Abstract ID: 721
Part of Session 155: Changing linguistic norms in the audiovisual media (Other abstracts in this session)
Authors: Stenberg-Sirén, Jenny; Östman, Jan-Ola I
Submitted by: Östman, Jan-Ola I (University of Helsinki, Finland)
Studies on ideologies of language standards (Kristiansen 2001, Mattheier 1997, Kristiansen & Coupland 2011) indicate that although e.g. in Denmark late modern notions of globalization and democratization are at work, the ideologies of a standard language remain strong while the standard itself is changing. We ask whether a similar change is taking place in minority languages. For minority-language speakers broadcasts in their own language on TV and the radio are typically their only oral authorities; this is so in Finland where Swedish is a minority national language. We focus on the role of audiovisual media in Swedish-language Finland.

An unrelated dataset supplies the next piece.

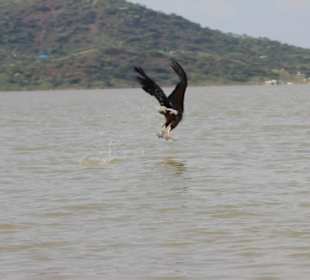 Weißkopfseeadler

The national public service broadcasting company YLE has two Swedish-language radio channels and one TV-channel aimed at Swedish speakers. In 2010 about 99% of the Swedish speaking population listened to or watched Swedish-language programs (www.yle.fi). Any change in the language of the YLE media can therefore be presumed to have a major impact on the listeners’ and viewers’ conception of what the standard of spoken Finland-Swedish is like.
We investigate changes in the audiovisual media language in Swedish-language Finland during the last 40 years (1970-2010) by focusing on a set of 40 phonological features (e.g., reductions, assimilations, vowel quality) of reporters and interviewees in news reports and of hosts and participants in entertainment programs. The material consists of one program per genre and medium from each year, 164 programs in total. The sociolinguistic variables we look at are formality, acceptance of regional features, and influence from Finnish. We compare news programs with entertainment programs, radio with television, journalists’ language with that of interviewees and news hosts, and spontaneous speech with texts read out loud.
We find that language in the audiovisual media has become more informal, but the change is mostly due to changes in program formats with a general increase in entertainment features. News reporters’ language is still extremely conservative and formal, very clearly pronounced. The informalization in the news is coupled with an increase in live elements, as in live reports and studio discussions; these, in turn, display the change in the role of the media in late modernity. In entertainment programs the linguistic changes are more noticeable due to live broadcasts with listener participation. The recent more positive attitudes to regional varieties in the media are not directly reflected in the amount of dialectal features heard in the Swedish-language audiovisual media. In entertainment programs regional varieties are as such acceptable, but hardly any local dialects are heard. In the news, what used to be the standard in the media (with influences from the high-status Helsinki variety) is giving way to a more neutral standard, which lacks regional features.
This change has taken place due to increasing pressure from the majority language Finnish, and due to the great variety found in the local dialects of Swedish in Finland. These factors have caused a need for a neutral standard language, which comes close to a reading-of-the-writing variety (cf. Auer 2005, Östman & Mattfolk 2011).